About this exercise:
Repeat exactly the lines below, from the line containing "Les Peupliers, 1891-Claude" through the last line, both included. Leave out any pictures.

Dataset entries:
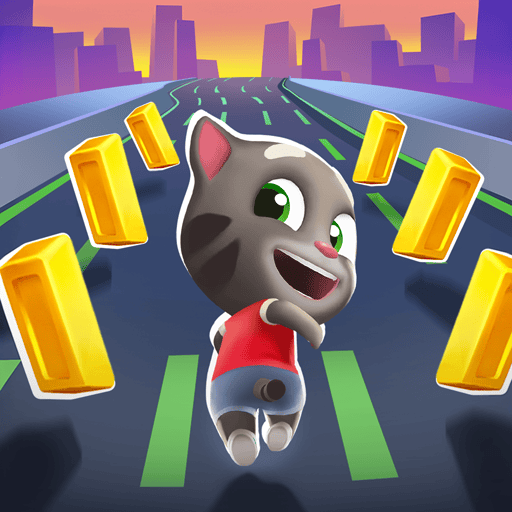 Talking Tom: Corrida do Ouro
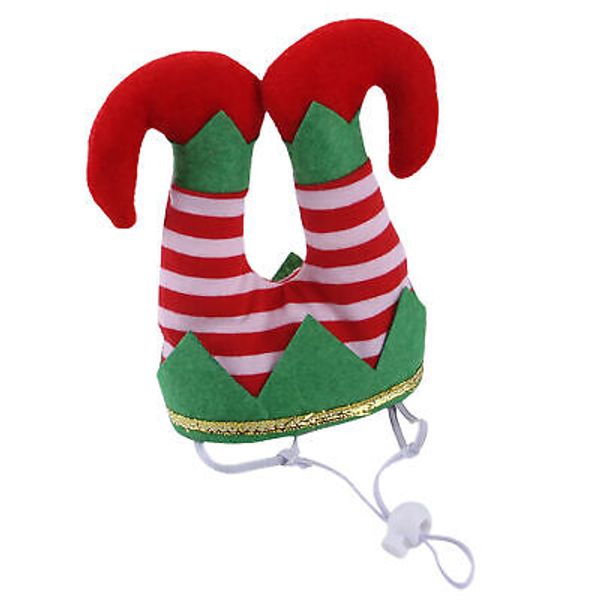 Pet Dog Cat Clown Legs Hat Cosplay Hat Cat Halloween Christmas Costume Accessory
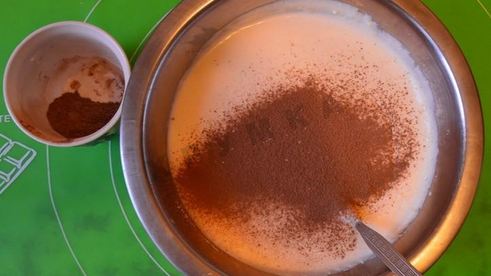 торт анжелика на кефире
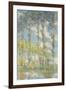 Les Peupliers, 1891-Claude Monet-Framed Giclee Print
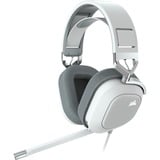 Corsair HS80 RGB USB, Gaming headset Hvid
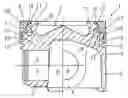 Fig. 01 - Piston for combustion engine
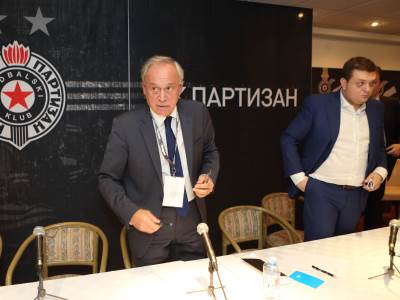  Iz FK Partizan tvrde da je Ostoja Mijailović koristio falsifikovani pečat 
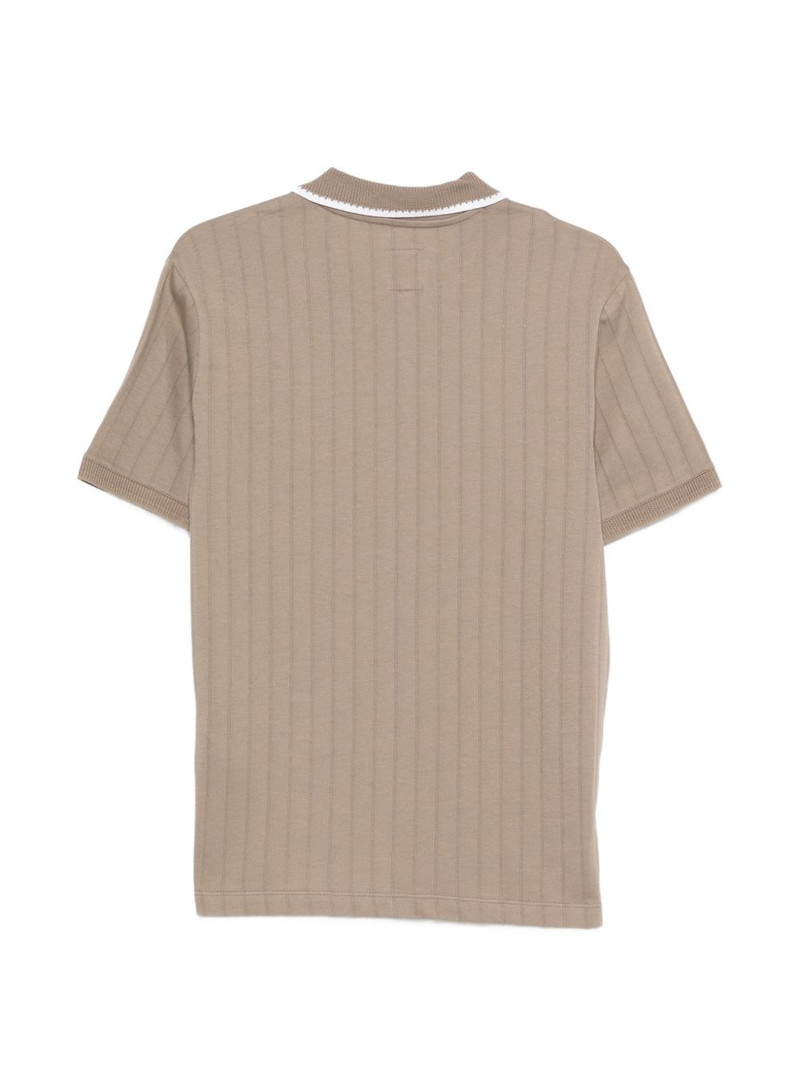 EMPORIO ARMANI V-neck polo shirt outlook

Exercise result:
 Les Peupliers, 1891-Claude Monet-Framed Giclee Print
 Corsair HS80 RGB USB, Gaming headset Hvid
 Fig. 01 - Piston for combustion engine
  Iz FK Partizan tvrde da je Ostoja Mijailović koristio falsifikovani pečat 
 EMPORIO ARMANI V-neck polo shirt outlook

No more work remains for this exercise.